With a snap of the wrist she dismissed him. “You may. Take your family to Aulus Plautius’s summer residence this year. The country air might do you all good.”

He closed the door softly and traversed the cool, dark passage, the slave who had led him there running after him. He knew that he ought to be grateful to Agrippina for the chance of extricating himself and Gladys, but all he could think of was his own knife in her back. He followed the slave blindly. How hard it was in this, the most civilized city in the world, just to stay alive. He came out onto the terrace and immediately turned to the steps that zigzagged down through the imperial gardens and would carry him part of the way to his own home across the Clivus Victoriae on the brow of the Palatine hill. Darkness obscured the view over the Forum and the river with its graceful bridges, but he did not care. He hated it all.

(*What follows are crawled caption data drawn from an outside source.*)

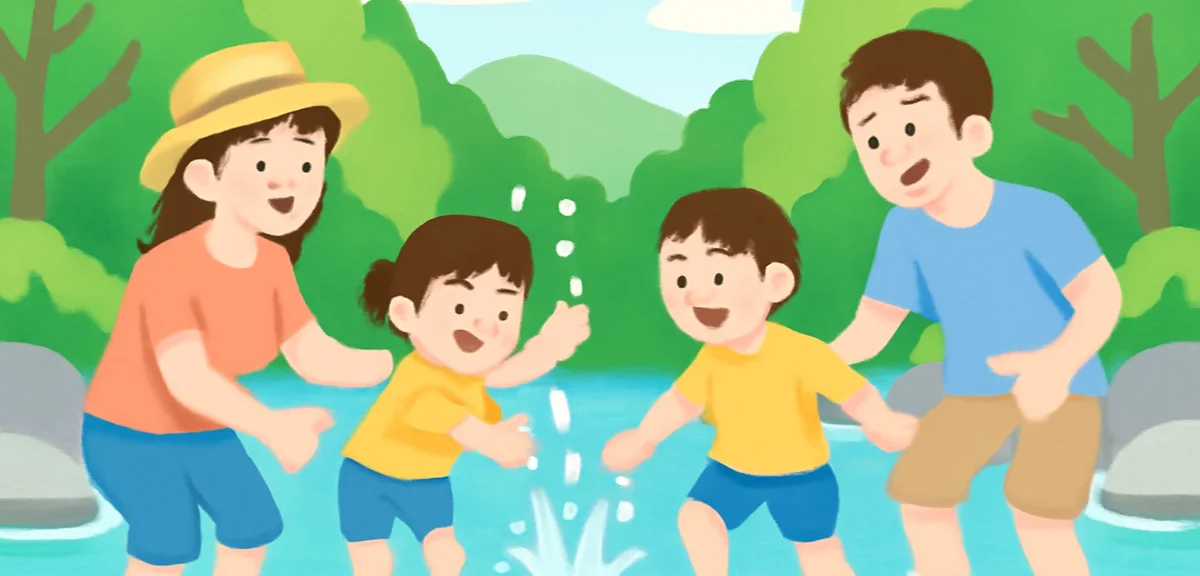 Family with elementary school kids enjoying a clear river splashing water in a forest valley, summer
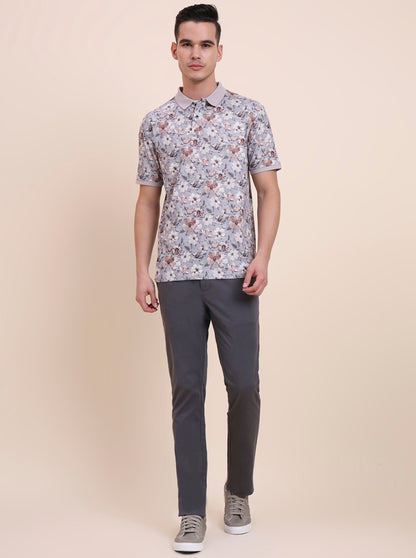 Flint Grey Printed Slim Fit Polo T-Shirt | Greenfibre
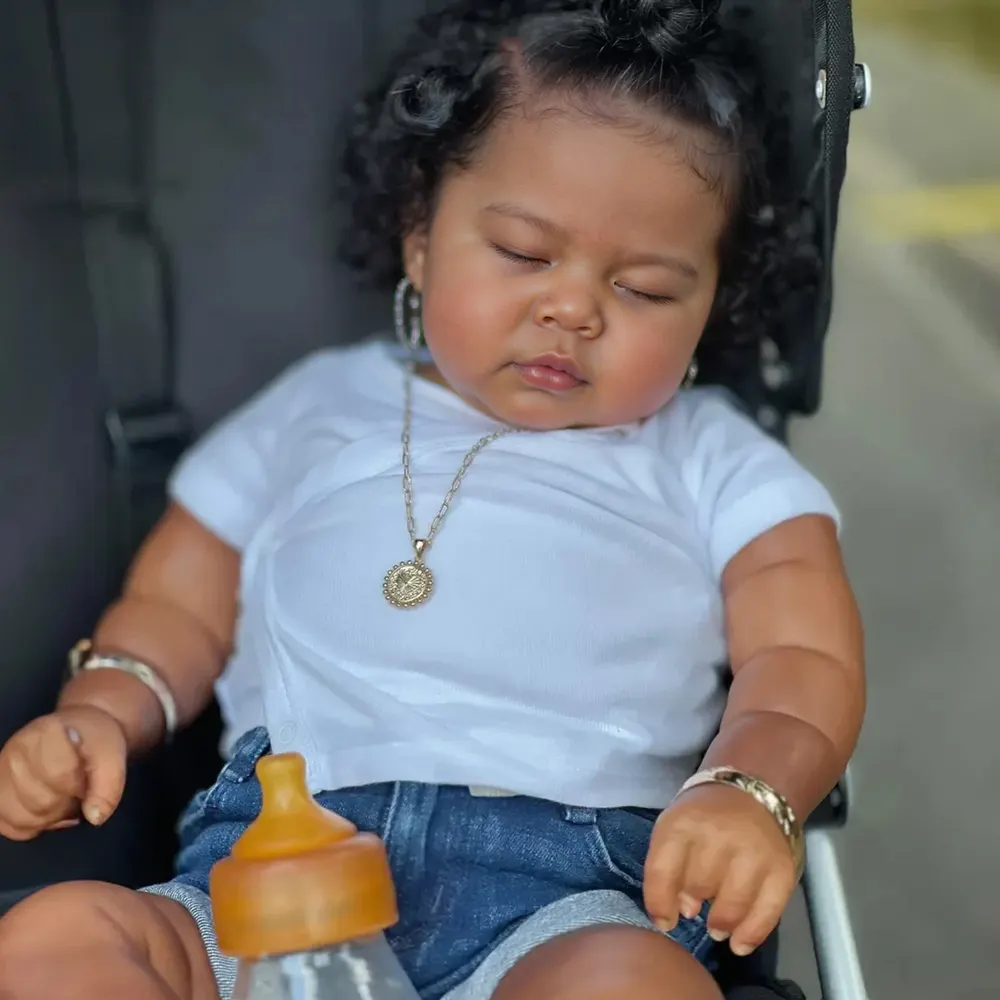 20" Lifelike African American Handmade Sleeping Reborn Girl Doll Named Vttina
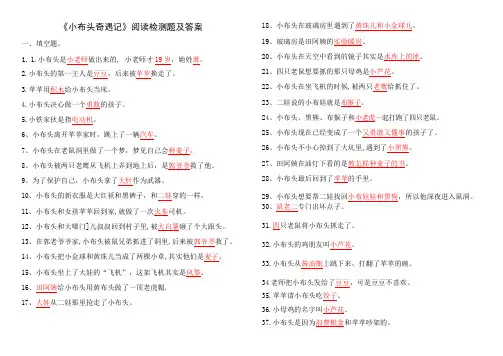 《小布头奇遇记》阅读检测题及答案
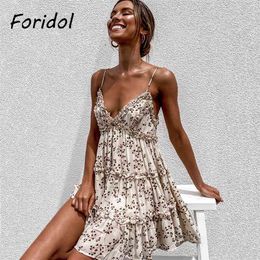 V Neck Floral Print Dress Women Summer Casual Beach Boho Ruffles A-line Mini Vestidos Clothes Girls Party 210427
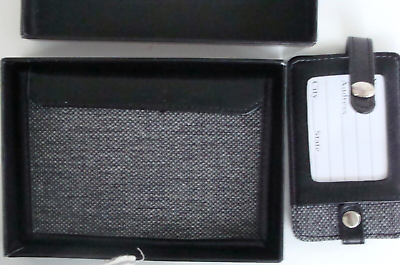 #ad NIB Mad Style Mad Man Passport Holder amp; Luggage Tag Black w Tweed Fabric in Box $32.99
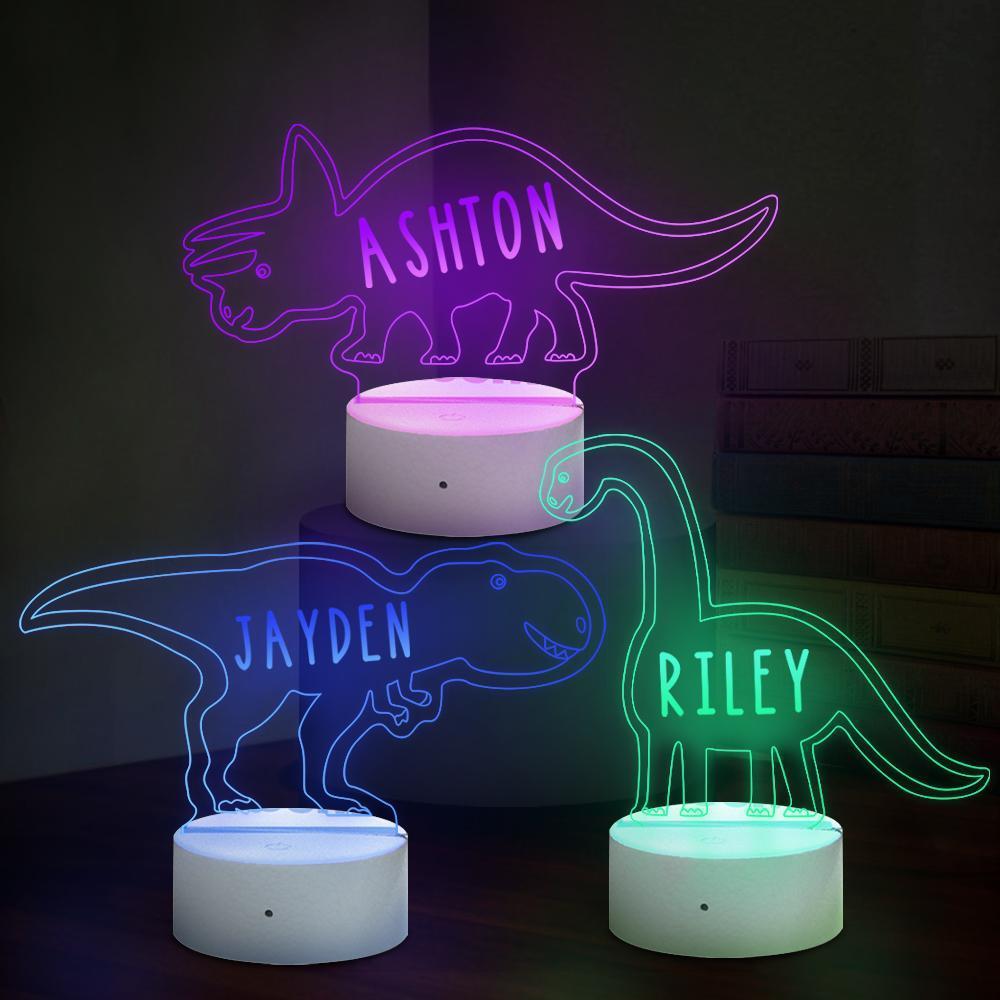 Personalized Triceratops Dinosaur Lamp With Custom Name Night Light Kid's Bedroom Decor Children's Night Light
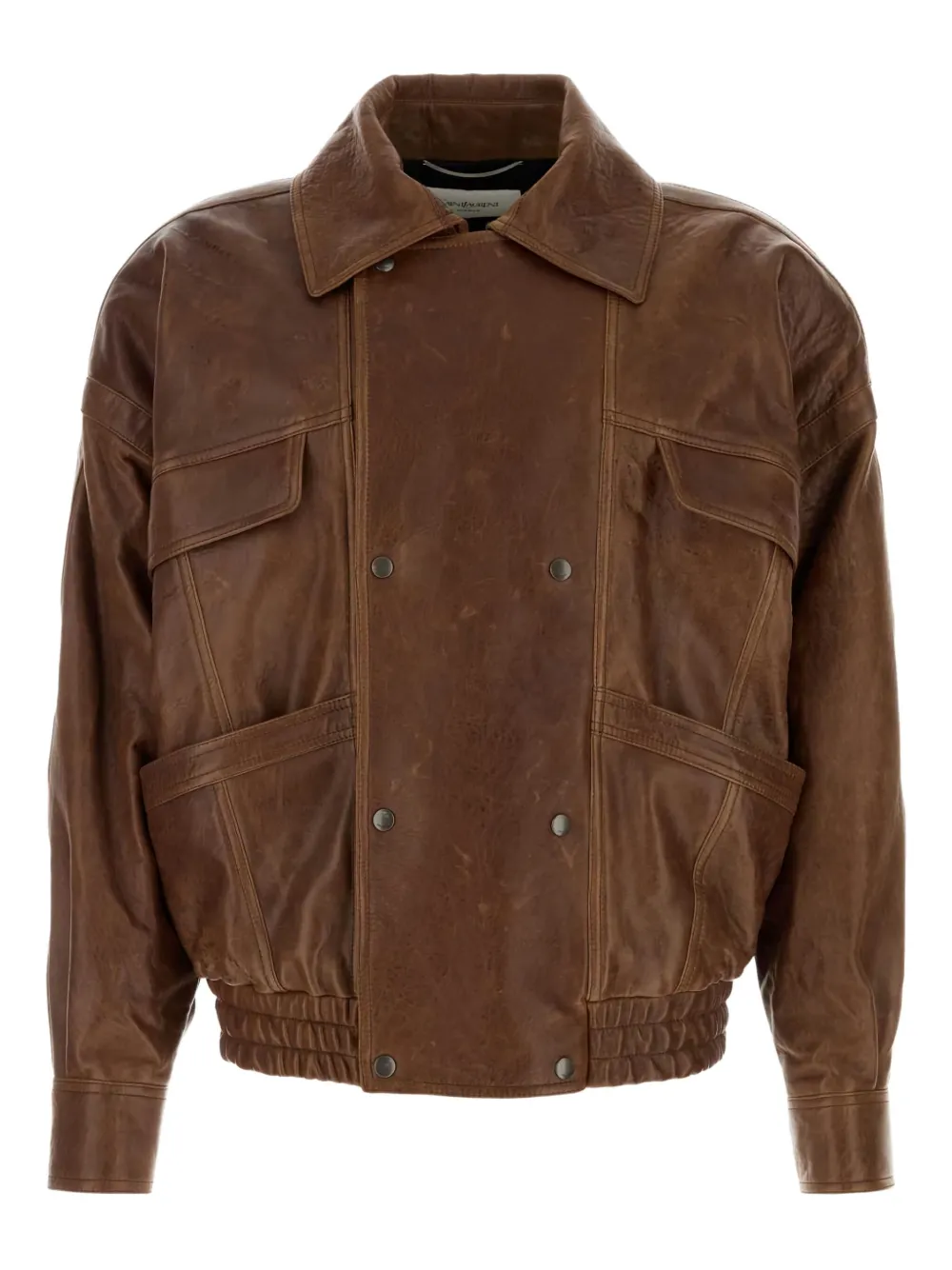 Saint Laurent double-breasted pocket-leather jacket | Brown | Image 1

Llyn and his sister Eurgain left the house with Chloe, Eurgain’s Greek slave, and slipped softly along the street, mingling easily with the evening crowds. The sun had set but darkness had not yet fallen, and as they reached the foot of the Palatine and began to cross the concrete and marble maze of the Forum, angling south and west toward the river, they had to battle the loiterers who gathered to gossip before going home to supper. They walked in single file, not talking, Eurgain in the lead, Chloe trailing behind, but when the Forum was behind them and the streets became narrower, the shops and apartment houses closer together, Llyn led and Eurgain fell back, watchful of every passer-by. The light failed but they did not pause to fire their torches, and they moved steadily and unerringly on through the shadows. The men and women who still passed them were shoptenders and tradesmen, intent only on finding their own tables and the comfort of their families, and the young trio was not challenged or accosted. The night was too young. At last Llyn halted. They were on a corner. To the left the street snaked back into the choked quarter where the poorer citizens lived and worked, but to the right it narrowed and dived suddenly into darkness and the murmur of river and tavern.

Eurgain pushed back her hood as she came up to Llyn. “Well,” she said. “I will see you tomorrow, Llyn, unless they dredge your body out of the Tiber. Don’t lose too much money.”

“Why should I care?” he answered lightly. “It isn’t my money and anyway there’s plenty more where it comes from. You keep my secret, Eurgain, and I’ll keep yours.”

“Will you come with me?”

“No, thank you. There may be something left to live for, who knows, and I am not ready yet to be tied to a cross or ripped to pieces by goaded lions. Tell me, is it true that those people roll babies in flour and then kill them and eat them?”

She smiled briefly. “No, Llyn, it is not true. They would never kill anyone.”

“In any case, they ought to know better than to plot against the emperor. You are a fool to associate yourself with them.”

“They don’t do that either. Their God has told them that they must obey those in authority over them.”

“How very dull. They won’t hold your interest for long, Eurgain.”

“I can’t say, Llyn.” She kissed him. “I think that they have discovered the unchangeable truth the Druithin have sought for ages beyond ages, and, if they have, then nothing else in the world is so important to me.”